--- Data for the task ---
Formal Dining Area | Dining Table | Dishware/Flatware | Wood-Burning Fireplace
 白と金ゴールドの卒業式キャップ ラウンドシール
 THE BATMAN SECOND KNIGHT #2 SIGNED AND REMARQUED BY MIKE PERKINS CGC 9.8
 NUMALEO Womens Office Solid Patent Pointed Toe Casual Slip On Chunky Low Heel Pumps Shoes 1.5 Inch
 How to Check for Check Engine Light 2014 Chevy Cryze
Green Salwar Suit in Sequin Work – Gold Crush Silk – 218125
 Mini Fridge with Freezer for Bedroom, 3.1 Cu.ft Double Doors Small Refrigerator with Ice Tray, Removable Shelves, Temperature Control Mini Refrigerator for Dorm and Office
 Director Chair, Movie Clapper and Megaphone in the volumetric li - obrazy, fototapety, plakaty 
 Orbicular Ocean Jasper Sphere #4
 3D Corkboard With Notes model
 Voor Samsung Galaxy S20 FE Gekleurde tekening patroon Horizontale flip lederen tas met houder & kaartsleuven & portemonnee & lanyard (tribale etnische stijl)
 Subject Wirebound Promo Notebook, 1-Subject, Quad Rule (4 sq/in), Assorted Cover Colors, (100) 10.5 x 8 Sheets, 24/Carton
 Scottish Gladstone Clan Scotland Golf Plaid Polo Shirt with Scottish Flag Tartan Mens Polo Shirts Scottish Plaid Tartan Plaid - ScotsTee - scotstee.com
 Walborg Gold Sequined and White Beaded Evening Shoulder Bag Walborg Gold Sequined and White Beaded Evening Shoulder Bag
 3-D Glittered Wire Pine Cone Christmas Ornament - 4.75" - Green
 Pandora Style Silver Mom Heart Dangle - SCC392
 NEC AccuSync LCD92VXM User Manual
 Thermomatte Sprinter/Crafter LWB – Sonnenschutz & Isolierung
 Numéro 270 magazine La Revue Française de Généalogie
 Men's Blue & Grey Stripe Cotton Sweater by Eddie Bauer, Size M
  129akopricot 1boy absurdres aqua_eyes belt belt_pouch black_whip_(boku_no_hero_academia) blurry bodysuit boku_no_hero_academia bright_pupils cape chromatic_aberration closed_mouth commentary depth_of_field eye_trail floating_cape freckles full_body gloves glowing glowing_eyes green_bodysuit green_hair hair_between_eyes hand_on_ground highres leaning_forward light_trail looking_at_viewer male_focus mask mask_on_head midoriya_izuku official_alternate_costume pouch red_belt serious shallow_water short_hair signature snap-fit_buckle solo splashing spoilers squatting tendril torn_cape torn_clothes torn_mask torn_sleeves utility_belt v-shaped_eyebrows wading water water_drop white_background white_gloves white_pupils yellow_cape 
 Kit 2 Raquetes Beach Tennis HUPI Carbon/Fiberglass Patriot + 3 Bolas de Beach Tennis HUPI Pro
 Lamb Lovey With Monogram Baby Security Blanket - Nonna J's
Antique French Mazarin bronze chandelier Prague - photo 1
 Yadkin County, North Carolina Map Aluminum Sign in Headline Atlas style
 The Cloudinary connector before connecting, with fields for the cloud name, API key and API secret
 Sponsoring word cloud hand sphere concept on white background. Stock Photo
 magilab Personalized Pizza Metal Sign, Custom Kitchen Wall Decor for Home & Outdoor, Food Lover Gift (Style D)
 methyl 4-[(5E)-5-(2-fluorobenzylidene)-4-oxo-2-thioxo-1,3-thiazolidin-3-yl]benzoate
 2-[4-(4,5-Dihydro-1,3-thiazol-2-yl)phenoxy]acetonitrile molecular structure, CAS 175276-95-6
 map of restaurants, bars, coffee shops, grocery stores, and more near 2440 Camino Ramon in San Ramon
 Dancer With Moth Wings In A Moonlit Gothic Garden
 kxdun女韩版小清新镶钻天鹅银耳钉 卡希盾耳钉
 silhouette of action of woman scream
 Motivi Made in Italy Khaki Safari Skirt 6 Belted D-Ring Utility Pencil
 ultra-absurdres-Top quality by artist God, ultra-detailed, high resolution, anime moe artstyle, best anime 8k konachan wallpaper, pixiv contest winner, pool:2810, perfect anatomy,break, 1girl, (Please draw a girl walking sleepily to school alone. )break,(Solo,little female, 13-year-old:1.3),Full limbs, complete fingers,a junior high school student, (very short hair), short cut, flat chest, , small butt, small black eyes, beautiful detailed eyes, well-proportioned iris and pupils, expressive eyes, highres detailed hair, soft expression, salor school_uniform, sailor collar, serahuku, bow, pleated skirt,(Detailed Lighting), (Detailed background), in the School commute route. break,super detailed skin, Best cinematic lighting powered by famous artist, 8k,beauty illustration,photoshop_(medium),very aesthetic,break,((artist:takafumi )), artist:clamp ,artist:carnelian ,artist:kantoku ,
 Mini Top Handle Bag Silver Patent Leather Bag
---
_What is required_: All lines above from the one with "Lamb Lovey With" to the one with "magilab Personalized Pizza", inclusive, should be copied exactly, and no other lines.

_Response_:
 Lamb Lovey With Monogram Baby Security Blanket - Nonna J's
Antique French Mazarin bronze chandelier Prague - photo 1
 Yadkin County, North Carolina Map Aluminum Sign in Headline Atlas style
 The Cloudinary connector before connecting, with fields for the cloud name, API key and API secret
 Sponsoring word cloud hand sphere concept on white background. Stock Photo
 magilab Personalized Pizza Metal Sign, Custom Kitchen Wall Decor for Home & Outdoor, Food Lover Gift (Style D)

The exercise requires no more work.